It took NASA 2 years to find a suitable computer. Among machines looked at were a NOVA computer with 4000 words of memory with a cost of $20,000. A Honeywell 601 the same memory at a weight of less than 30 pounds was also considered. The RCA 215 and Control Data Corporation Alpha was on the list for a price of $35,000 each for a lot of 25 computers. All these computers were inexpensive and light but were considered short of memory and processing power. The next group included the Honeywell 801 “Alert”, the Sperry 1819A and the General Electric CP-32A. These machines had larger memory of 16,000 words at 18-bits but were considered more expensive in the range of $70,000 per computer.
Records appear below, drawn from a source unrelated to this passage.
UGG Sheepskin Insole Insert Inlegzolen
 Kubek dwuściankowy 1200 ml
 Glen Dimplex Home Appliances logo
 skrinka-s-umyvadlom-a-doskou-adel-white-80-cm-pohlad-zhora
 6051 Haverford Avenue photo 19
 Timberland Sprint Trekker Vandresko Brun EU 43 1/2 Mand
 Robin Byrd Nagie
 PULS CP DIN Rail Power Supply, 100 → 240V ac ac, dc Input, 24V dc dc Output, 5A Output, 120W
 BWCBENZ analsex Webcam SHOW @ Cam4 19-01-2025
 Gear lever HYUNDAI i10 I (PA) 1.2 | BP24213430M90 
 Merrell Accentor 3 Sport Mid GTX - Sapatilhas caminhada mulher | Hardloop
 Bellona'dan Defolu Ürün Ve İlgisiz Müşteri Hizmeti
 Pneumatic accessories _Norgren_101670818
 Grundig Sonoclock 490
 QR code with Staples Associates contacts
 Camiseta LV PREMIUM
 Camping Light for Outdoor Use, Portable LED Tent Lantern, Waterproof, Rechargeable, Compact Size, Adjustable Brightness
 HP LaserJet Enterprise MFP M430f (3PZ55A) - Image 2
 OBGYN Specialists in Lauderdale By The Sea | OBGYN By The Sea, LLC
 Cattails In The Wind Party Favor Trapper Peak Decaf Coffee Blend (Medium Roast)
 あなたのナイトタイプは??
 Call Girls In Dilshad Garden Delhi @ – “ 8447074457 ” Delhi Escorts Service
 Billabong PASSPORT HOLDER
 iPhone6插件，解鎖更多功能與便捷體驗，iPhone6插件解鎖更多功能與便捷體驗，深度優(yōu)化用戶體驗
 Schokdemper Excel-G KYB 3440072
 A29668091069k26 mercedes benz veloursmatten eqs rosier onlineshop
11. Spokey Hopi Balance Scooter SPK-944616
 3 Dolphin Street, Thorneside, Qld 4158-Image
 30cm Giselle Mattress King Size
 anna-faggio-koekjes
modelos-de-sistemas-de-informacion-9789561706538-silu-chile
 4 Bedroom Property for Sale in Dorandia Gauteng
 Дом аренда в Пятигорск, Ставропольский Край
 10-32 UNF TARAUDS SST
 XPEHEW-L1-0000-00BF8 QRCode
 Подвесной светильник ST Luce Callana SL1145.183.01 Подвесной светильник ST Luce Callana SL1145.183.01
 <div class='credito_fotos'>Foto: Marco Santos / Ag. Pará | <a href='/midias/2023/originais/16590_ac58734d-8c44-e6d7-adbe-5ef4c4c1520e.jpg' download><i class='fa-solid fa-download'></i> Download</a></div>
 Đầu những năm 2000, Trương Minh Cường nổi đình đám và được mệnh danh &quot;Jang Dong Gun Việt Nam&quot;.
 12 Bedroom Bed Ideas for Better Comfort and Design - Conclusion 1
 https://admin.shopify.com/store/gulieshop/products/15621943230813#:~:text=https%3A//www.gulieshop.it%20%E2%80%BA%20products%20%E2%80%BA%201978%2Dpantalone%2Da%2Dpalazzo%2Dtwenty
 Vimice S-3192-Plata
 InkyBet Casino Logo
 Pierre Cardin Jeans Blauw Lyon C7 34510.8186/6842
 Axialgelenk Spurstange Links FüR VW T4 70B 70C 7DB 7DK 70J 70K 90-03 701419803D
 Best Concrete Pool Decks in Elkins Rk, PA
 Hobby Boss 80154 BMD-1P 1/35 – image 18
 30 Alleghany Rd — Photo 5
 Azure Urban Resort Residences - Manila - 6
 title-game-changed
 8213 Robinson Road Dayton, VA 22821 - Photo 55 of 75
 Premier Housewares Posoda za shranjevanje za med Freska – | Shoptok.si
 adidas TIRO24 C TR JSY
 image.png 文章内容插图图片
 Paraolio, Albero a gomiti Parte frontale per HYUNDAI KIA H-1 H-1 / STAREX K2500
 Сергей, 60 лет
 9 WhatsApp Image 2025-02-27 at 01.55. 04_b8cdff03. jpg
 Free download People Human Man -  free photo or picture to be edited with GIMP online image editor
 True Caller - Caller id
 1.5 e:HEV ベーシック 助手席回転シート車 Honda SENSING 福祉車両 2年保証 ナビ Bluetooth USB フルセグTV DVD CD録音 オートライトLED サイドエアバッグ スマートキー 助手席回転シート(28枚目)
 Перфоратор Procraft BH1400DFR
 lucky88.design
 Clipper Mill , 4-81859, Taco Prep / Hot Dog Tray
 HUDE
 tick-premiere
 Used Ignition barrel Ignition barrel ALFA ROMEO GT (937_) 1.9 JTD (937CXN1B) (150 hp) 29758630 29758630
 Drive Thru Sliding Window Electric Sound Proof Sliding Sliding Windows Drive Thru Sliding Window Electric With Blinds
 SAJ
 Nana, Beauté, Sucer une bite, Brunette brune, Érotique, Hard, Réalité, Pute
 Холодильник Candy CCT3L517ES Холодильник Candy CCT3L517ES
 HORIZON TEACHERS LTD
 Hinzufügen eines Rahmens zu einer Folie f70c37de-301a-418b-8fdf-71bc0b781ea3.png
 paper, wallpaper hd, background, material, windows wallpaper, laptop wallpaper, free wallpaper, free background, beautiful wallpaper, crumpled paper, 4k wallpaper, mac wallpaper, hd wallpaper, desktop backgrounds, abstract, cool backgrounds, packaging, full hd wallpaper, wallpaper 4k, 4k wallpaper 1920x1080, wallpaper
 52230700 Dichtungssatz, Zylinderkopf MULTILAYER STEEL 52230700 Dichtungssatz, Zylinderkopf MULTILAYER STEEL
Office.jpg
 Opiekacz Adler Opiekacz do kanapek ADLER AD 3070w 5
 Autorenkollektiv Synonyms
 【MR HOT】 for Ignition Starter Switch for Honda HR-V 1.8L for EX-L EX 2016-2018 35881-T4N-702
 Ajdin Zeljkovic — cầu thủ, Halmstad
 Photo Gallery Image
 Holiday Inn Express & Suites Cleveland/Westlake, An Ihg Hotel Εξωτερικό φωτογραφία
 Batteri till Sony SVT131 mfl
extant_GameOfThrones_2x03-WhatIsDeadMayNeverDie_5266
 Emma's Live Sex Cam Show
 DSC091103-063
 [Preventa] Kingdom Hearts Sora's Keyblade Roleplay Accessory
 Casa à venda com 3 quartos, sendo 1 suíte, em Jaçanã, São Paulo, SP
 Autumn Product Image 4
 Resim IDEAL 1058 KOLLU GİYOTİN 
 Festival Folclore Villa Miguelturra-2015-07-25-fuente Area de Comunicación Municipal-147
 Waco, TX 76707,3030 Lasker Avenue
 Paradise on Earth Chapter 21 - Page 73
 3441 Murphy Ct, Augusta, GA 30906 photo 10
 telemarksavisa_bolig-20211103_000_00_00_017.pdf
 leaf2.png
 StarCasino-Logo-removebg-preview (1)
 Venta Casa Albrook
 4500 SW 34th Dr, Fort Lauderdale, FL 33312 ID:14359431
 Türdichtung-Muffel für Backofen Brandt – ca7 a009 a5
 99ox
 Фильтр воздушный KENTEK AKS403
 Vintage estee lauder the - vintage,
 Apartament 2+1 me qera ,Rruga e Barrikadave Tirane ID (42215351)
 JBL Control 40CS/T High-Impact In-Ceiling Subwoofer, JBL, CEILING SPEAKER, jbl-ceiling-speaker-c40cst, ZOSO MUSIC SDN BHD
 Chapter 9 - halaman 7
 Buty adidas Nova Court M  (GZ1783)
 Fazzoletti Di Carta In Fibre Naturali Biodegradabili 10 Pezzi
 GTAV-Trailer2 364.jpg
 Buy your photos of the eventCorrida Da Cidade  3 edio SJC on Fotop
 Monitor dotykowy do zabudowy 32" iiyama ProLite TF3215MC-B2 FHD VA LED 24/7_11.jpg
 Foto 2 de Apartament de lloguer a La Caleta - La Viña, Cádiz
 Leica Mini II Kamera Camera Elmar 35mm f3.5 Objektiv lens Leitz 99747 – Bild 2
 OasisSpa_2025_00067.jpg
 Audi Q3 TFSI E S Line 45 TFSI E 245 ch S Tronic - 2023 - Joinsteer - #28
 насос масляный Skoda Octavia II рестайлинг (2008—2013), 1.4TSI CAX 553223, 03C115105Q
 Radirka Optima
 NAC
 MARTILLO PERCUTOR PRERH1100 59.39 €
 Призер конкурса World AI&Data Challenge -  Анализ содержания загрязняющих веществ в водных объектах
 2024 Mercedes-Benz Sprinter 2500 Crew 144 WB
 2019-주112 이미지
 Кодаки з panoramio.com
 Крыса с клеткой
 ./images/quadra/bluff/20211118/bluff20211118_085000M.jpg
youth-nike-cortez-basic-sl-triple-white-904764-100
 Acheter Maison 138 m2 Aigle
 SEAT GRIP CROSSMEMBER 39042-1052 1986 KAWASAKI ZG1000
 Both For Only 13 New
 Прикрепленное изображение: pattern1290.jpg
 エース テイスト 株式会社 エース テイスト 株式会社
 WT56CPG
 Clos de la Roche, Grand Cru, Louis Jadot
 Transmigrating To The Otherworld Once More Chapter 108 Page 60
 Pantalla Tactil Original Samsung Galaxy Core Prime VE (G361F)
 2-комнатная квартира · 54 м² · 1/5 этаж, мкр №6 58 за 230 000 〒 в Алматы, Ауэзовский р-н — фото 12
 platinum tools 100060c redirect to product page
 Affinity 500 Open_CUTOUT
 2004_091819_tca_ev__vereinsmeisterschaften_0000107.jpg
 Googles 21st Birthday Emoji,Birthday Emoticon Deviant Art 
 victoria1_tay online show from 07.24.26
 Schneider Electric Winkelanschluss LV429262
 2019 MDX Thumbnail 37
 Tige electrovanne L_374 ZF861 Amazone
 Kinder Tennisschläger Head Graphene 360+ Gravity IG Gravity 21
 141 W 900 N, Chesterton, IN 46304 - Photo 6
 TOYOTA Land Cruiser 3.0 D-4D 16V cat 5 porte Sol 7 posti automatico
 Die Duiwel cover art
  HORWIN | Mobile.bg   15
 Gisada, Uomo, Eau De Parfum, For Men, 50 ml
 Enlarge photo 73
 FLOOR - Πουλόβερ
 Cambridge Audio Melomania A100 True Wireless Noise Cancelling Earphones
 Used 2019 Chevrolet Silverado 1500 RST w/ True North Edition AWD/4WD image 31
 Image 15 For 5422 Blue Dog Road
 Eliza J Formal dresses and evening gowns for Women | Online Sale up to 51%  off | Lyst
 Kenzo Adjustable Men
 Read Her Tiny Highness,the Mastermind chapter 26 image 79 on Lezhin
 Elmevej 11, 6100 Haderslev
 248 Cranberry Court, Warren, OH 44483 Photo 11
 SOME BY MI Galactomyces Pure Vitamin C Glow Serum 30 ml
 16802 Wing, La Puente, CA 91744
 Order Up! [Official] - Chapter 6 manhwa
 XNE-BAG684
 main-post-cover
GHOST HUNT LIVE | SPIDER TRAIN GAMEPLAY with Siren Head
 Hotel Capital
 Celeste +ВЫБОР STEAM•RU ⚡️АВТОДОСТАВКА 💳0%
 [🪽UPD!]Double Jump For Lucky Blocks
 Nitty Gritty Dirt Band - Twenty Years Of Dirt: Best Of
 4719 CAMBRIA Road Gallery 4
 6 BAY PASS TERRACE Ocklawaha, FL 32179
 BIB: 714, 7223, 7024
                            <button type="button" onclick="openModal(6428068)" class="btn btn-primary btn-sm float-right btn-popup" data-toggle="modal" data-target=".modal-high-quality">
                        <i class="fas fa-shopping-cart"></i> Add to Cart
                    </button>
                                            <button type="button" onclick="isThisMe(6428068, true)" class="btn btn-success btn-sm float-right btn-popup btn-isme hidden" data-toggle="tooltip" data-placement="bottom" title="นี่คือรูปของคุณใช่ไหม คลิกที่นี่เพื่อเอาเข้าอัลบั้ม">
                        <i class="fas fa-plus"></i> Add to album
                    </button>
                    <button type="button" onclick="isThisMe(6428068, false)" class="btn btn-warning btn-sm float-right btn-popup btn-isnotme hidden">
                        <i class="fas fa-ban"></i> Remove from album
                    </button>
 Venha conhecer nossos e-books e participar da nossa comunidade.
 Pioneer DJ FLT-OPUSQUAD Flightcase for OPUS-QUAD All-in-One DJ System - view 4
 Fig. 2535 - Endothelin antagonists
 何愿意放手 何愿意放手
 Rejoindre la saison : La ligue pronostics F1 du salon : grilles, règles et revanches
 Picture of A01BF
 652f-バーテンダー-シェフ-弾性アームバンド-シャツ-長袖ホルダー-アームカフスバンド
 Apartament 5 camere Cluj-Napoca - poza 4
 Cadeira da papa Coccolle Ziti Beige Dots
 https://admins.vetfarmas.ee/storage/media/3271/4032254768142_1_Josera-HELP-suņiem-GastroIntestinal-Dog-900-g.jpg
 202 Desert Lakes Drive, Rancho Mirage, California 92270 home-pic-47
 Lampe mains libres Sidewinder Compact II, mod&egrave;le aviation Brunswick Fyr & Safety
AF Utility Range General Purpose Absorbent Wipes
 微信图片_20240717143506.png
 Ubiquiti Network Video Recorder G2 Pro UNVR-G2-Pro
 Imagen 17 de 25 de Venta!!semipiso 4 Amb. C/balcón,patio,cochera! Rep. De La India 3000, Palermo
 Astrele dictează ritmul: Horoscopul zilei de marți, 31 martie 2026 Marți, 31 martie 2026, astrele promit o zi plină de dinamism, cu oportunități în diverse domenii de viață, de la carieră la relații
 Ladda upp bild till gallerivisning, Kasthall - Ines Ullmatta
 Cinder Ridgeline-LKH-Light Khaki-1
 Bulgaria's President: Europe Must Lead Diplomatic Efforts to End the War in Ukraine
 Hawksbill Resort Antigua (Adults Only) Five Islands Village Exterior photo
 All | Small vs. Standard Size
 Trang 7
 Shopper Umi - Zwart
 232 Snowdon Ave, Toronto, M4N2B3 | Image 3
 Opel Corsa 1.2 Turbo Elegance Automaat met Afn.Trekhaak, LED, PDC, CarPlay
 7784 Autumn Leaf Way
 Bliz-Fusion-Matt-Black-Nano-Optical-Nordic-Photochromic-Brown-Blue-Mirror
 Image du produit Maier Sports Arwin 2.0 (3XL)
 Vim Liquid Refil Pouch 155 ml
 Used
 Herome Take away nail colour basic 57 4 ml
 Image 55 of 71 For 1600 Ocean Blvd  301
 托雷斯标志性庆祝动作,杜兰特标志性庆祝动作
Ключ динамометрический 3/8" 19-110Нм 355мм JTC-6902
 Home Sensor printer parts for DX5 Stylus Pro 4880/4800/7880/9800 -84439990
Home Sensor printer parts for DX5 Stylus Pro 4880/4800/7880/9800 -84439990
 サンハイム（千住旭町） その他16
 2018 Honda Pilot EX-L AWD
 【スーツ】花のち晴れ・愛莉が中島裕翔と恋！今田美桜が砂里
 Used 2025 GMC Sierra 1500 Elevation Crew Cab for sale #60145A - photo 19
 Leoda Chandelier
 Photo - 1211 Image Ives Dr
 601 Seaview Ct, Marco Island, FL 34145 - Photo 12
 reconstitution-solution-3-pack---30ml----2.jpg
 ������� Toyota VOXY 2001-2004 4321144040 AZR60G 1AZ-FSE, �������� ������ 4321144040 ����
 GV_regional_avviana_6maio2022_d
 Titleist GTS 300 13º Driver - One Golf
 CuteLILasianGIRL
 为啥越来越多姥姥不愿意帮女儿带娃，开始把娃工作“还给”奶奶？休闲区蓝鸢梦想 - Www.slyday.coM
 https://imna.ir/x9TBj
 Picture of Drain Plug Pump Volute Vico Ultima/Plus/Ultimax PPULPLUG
Software engineers wanted a machine that used floating point arithmetic instead of the fixed-decimal point machine that the Apollo program computers used. The fixed-decimal arithmetic was considered more error prone. Floating point machines stored the value and location of the number and the location of the decimal point. Floating point arithmetic is also easier to program but requires a larger computer word size but is not as accurate as fixed point. However, large word size meant more accuracy.

By 10 November 1972, NASA eventually settled on IBM’s AP-101. The –101 had a 32,000 word memory, consumed 370 watts of power and weighed 47.7 pounds. The computer required no external cooling and the internal IBM cooling system would be operable to 50,000 feet. The cost of the –101 was the same computer used in Rockwell’s Space Shuttle and because of this, the complier and other support software IBM was developing would essentially be provided for free. On 27 August 1973, IBM signed a contract to supply computers to the FBW program.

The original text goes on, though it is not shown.